* **Assignment**
Although the records contain pictures, only their text should be set down, exactly as written.

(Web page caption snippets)
==============================
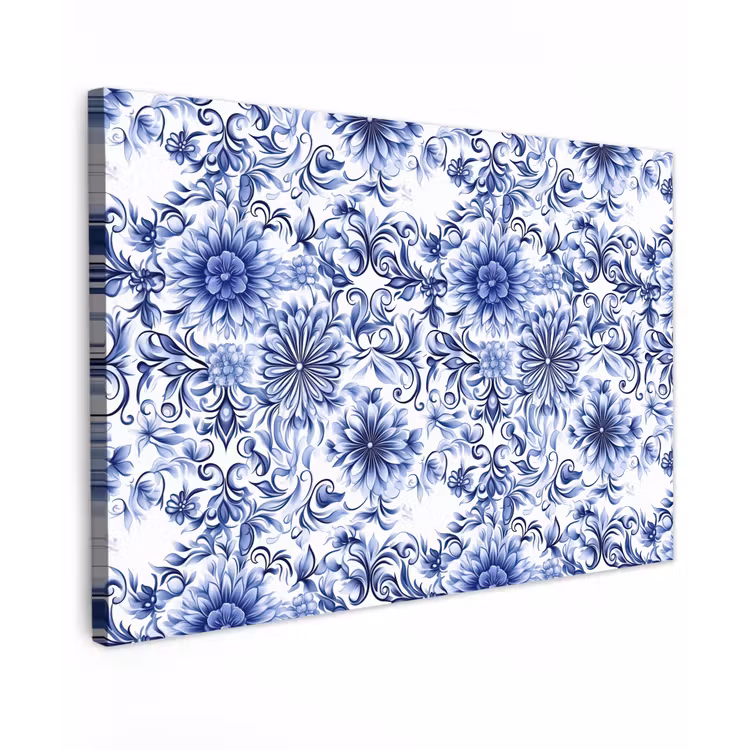 Bloemen - Blauw - Patroon - Wit canvas 2cm klein 34 -z3d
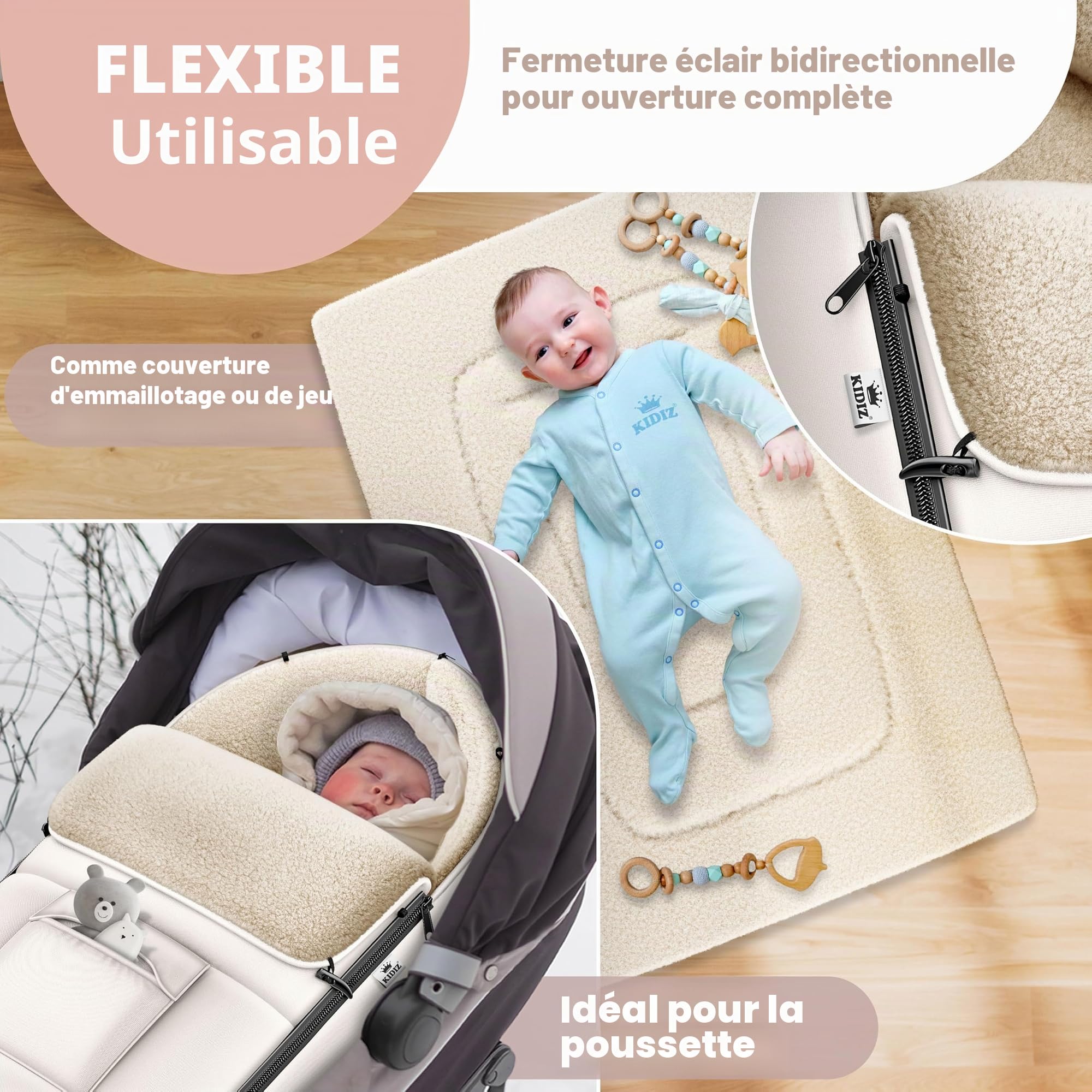 KIDIZ® Chancelière pour Bébé Chancelière d'hiver avec Fermeture à Glissière Couverture pour Bébé Poussette Lavable Tête Fermable, Poche, Adaptable à Toutes les Poussettes - Beige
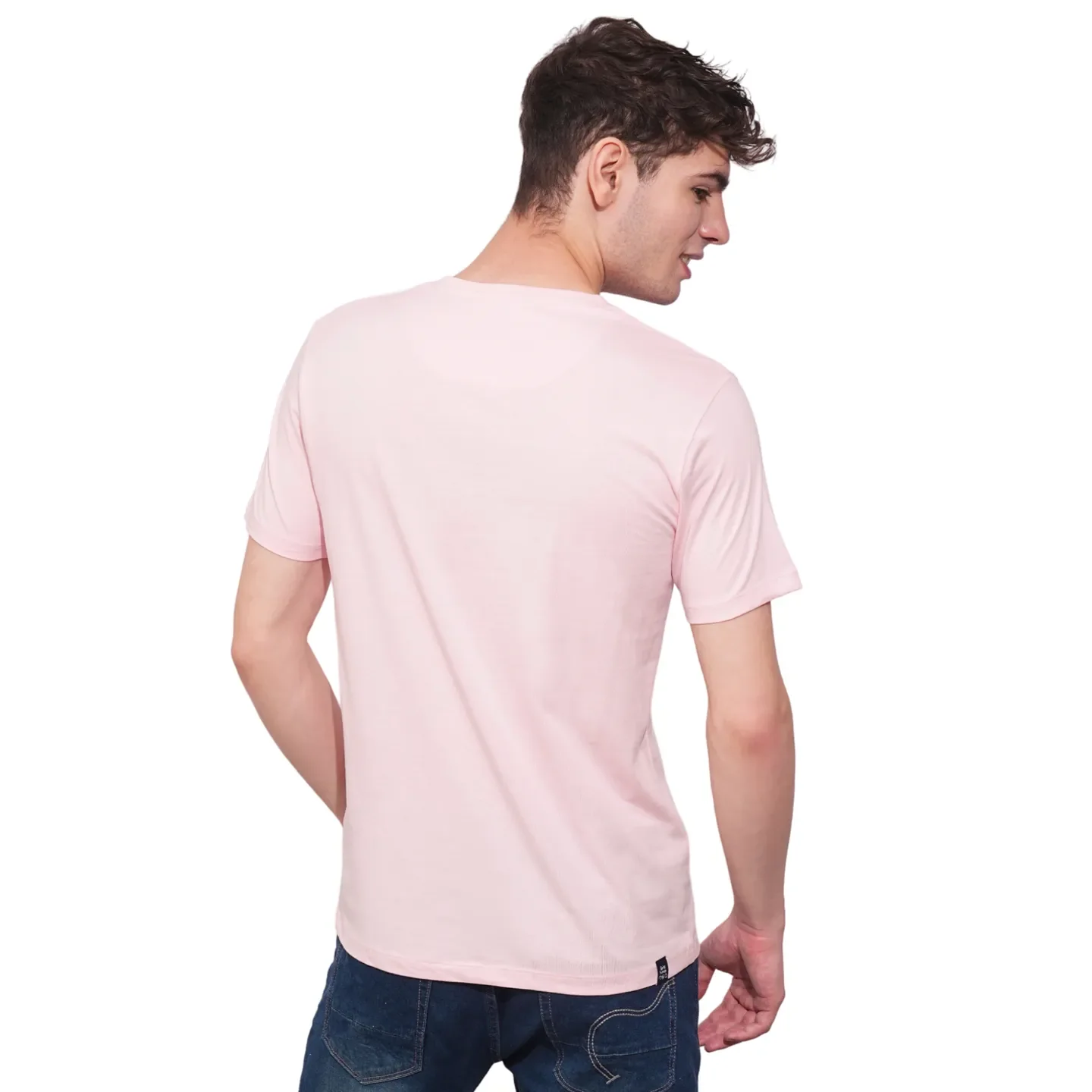Light Pink Regular Fit Round Neck Men's T-Shirt by Being Human Clothing - Image 3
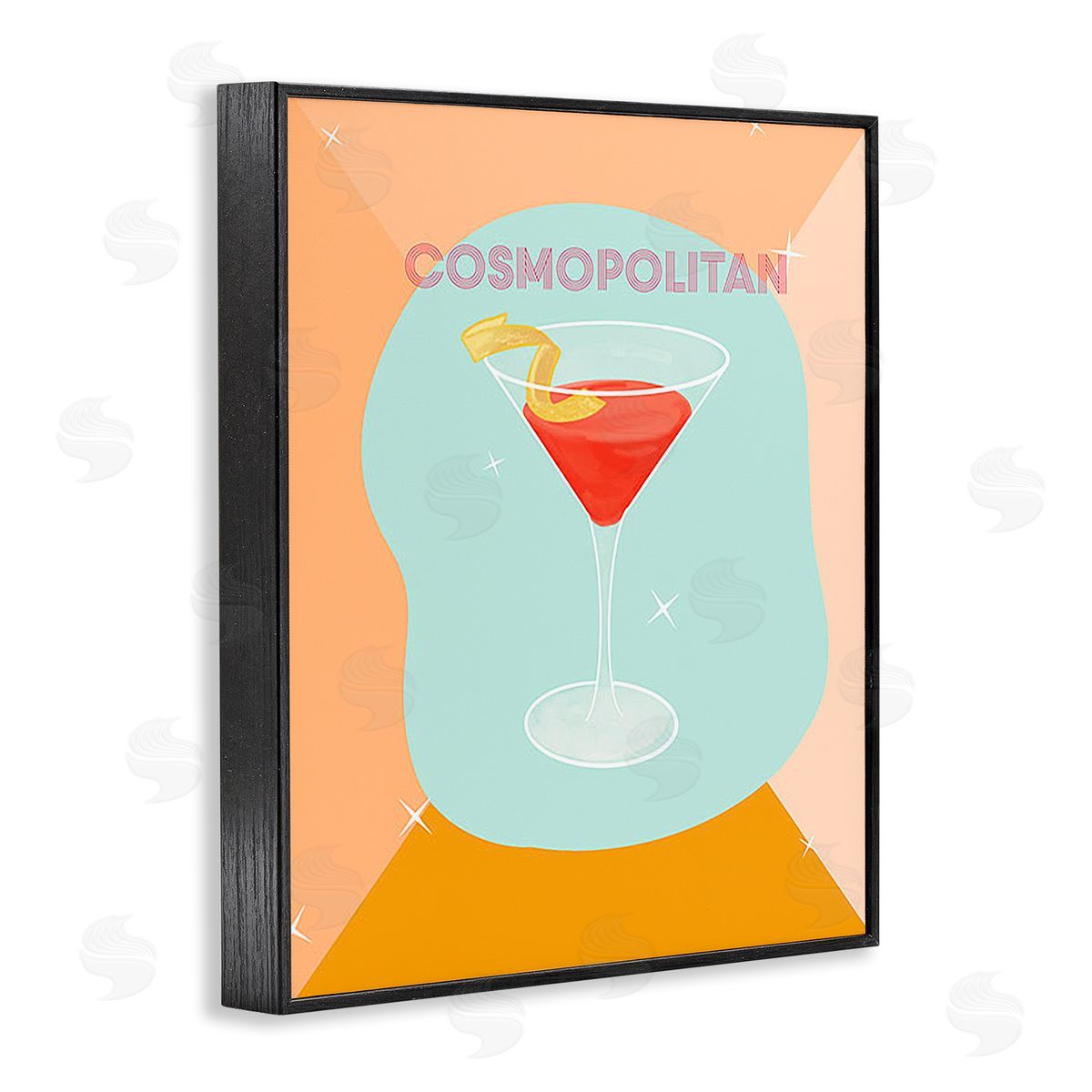 Ashley Singleton Modern Cosmopolitan Drink Black Framed Giclee Wall Art Print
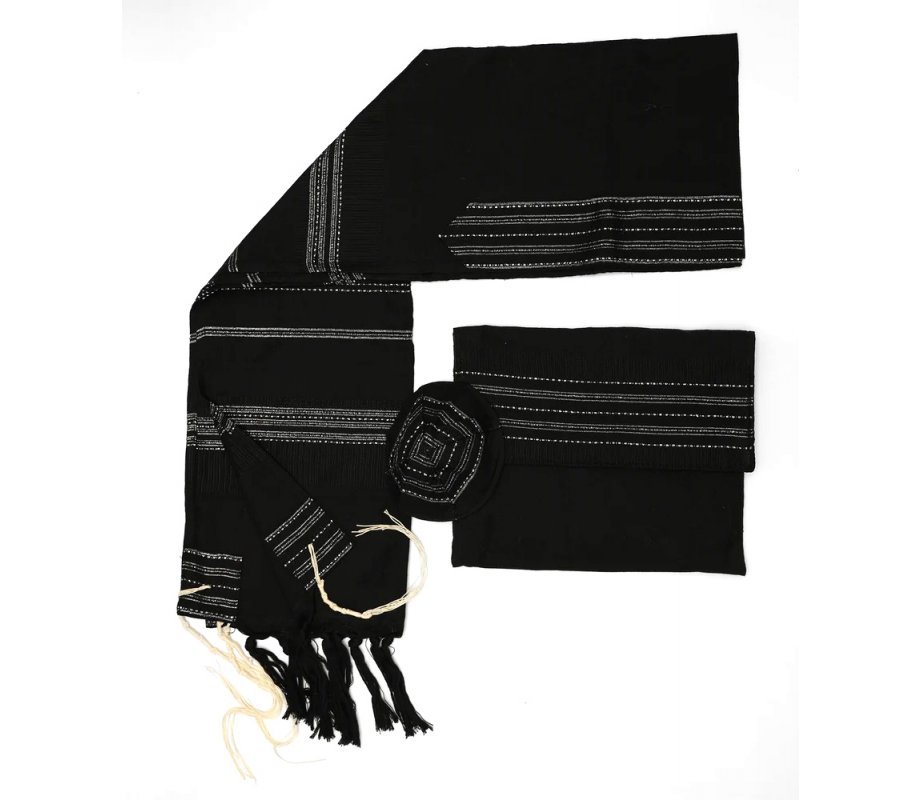 Gabrieli Handwoven Elia Silk Black Tallit Set - Silver Stripes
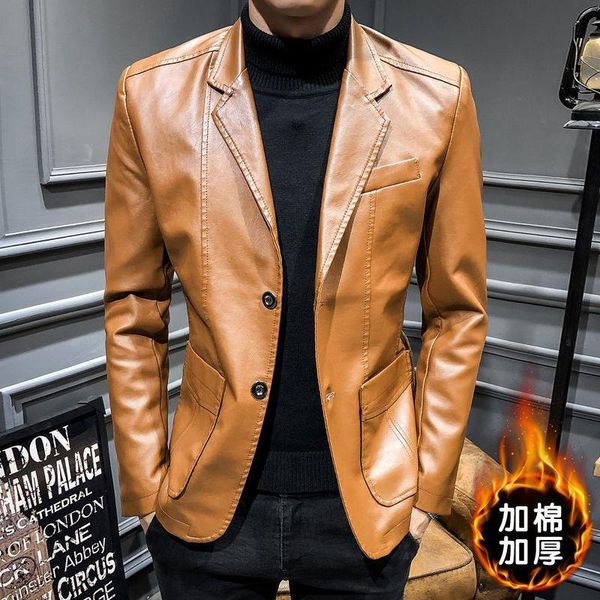 men's suits & blazers spring and autumn leather suit business casual collar coat thin slim jacket, White;black
men's suits & blazers spring and autumn leather suit business casual collar coat thin slim jacket, White;black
==============================
* **Output for this task**
 Bloemen - Blauw - Patroon - Wit canvas 2cm klein 34 -z3d
 KIDIZ® Chancelière pour Bébé Chancelière d'hiver avec Fermeture à Glissière Couverture pour Bébé Poussette Lavable Tête Fermable, Poche, Adaptable à Toutes les Poussettes - Beige
Light Pink Regular Fit Round Neck Men's T-Shirt by Being Human Clothing - Image 3
 Ashley Singleton Modern Cosmopolitan Drink Black Framed Giclee Wall Art Print
 Gabrieli Handwoven Elia Silk Black Tallit Set - Silver Stripes
 men's suits & blazers spring and autumn leather suit business casual collar coat thin slim jacket, White;black
men's suits & blazers spring and autumn leather suit business casual collar coat thin slim jacket, White;black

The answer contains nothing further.